Just throwing this one out there – planned parenthood does not provide mammograms and Komen’s donations have gone up 100% in the last two days. By rerouting that money to organizations who actually do provide mammograms and by raising a boat-load of money didn’t Komen just advance the goal of fighting breast cancer a fair bit?
Given this comment, Occam’s answer to Do men understand what Women’s Health Care Involves would be a resounding “No.”
Perhaps we should start a “Take your partner to the gynecologist” day? Because, given Occam’s comment, there are obviously a lot of guys who have no idea what goes on inside the gynecologist’s office.
Let’s start with his point that “Planned Parenthood does not provide mammograms” and that by “rerouting that money to organizations who actually do provide mammograms” [...] “didn’t Komen just advance the goal of fighting breast cancer a fair bit?”
I answered him in the thread:
Not all Planned Parenthood have mammogram equipment in house – hence referrals. You do realize when women go to their private ob/gyns that most are “referred” to another facility for their test [mammogram] since most ob/gyns don’t have mammogram equipment in their office?
Do you also realize that for most women (especially women under the age of 40 since most insurance programs won’t cover mammograms until a certain age) the in-office breast exam can trigger a referral for a mammogram… because that in-office breast exam caused concern? [concern=lump or some other abnormality found]
(Comment edited for clarity)
But here’s the disconnect… Would anyone expect an oncologist to provide chemo and radiation in their office? Would anyone expect a neurologist to have an MRI machine on site? Of course not. So why do some people view a referral for a mammogram differently? I don’t receive mammograms at my ob/gyn’s office. I receive a referral.
Most men’s only experience with ob/gyns comes when their partner is expecting a child, or when their partner has a medical problem and needs the emotional support the men in their lives desperately want to give. All other times what goes on inside the examination room remains a mystery, which is partly women’s fault since not of all us share our experiences. We really need to start expanding our health discussions with the men in our lives to include more than “I have cramps.”
At this point I’m wondering how many men are still reading?
For those of you still hanging in there let me explain what happens (relax, not in great detail) during an average visit to the gynecologist. I used Planned Parenthood when I was younger and didn’t have insurance. The procedures were basically the same.
The first things that happen are the taking of a urine sample, stepping on a scale to monitor your weight, and checking your blood pressure. During this time the nurse/doctor will ask about any changes in your health, your menstrual cycle, any aches, pains, etc.
Next you will be shown into an examination room, asked to get completely undressed and don a gown. The doctor arrives and (in no particular order) the following things happen.
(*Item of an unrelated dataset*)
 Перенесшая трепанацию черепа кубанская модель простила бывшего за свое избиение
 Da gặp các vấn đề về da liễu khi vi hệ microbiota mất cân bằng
The doctor will conduct a breast exam, searching for lumps and abnormalities. He/she will ask questions about your breasts.
The doctor will pull down the your lower eyelids and check your eyes before moving downward to check your neck.
Then the doctor will press down on your belly and ask if you feel any pain. They will continue this procedure over your entire belly.
During all of these procedures the doctor is asking questions – any tingling or numbness in any part of your body, any unexplainable aches and pains, etc.
Take a minute and look at the above list. Notice how we haven’t even reached the vagina yet? Surprised?
When all this is done we finally move onto the internal exam. (Immediately before the internal exam the doctor will visually examine you. The purpose of this part of the exam is to make sure there are no sores, swelling, or any other problems with the external genitalia.) Then, by hand, the doctor will check the size and position of the ovaries and uterus.
A speculum is then inserted to allow the doctor to visually examine the walls of the vagina and the cervix and to perform tests, such as a Pap smear. A pap smear is accomplished by taking cells from the cervix which are then sent out to a lab to check for abnormal cell changes and cervical cancer.
At the end of the exam most doctors will have you dress and then meet you in their office to discuss your examination and if any additional tests are needed.
If you are over a certain age, or if the breast exam caused the doctor concern, you will receive a referral for a mammogram. This examination is the first line of defense, especially for young women not considered “high-risk” for breast cancer.
Hopefully, this clears up the mystery of women’s health care. My bet is that it involved more than most (not all!) men realized.